La domanda che ora le Case automobilistiche che operano in Italia è però la seguente: il «Dieselgate» che impatto avrà? E tenendo conto che le automobili a gasolio rappresentano quasi il 56% delle immatricolazioni, c'è il pericolo di un disamore verso questa motorizzazione, facendo di tutta l'erba un fascio? Le amministrazioni comunali ne approfitteranno per limitare ulteriormente l'ingresso dei veicoli nelle cerchie urbane, sfruttando l'occasione per fare ancora una volta cassa? Le associazioni di categoria, Unrae (importatori), Anfia (filiera nazionale) e Federauto (concessionari) hanno scelto la strada del silenzio.
A sbilanciarsi è un dealer del Gruppo Volkswagen il quale, venuto a conoscenza del mea culpa recitato questa volta dal responsabile della Casa automobilistica negli Usa, Michael Horn («siamo stati disonesti e abbiamo rovinato tutto»), afferma: «La nostra marca ha impostato il suo lavoro sui valori etici e ora il manager americano fa una dichiarazione in senso contrario. A questo punto è logico porsi più di una domanda. E il dubbio che si insinua è se le macchine Euro 6 che vendiamo sono veramente Euro 6».

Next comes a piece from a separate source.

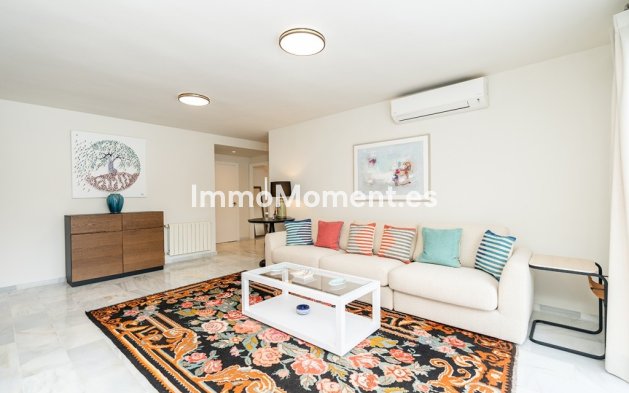 Wiederverkauf - Villa - Marbella - Marbesa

Preoccupazione c'è anche tra i componentisti, le tante aziende dell'indotto che riforniscono i costruttori di tutto il mondo. Il Gruppo Volkswagen al riguardo, è un ottimo cliente, vitale per alcuni. «Investiremo qui in Italia oltre 900 milioni di euro entro il 2018, ai quali vanno aggiunti 1,4 miliardi annui per acquisti e componenti», aveva detto Rupert Stadler, numero uno di Audi Group (galassia Volkswagen), lo scorso dicembre durante un evento a Milano. «Il nostro timore - confessa un imprenditore dell'indotto - è che, a questo punto, ci vada di mezzo anche chi non ha alcuna colpa. Un eventuale ridimensionamento della produzione da parte dei tedeschi avrebbe un impatto non indifferente sul business della componentistica. E le conseguenze sono immaginabili».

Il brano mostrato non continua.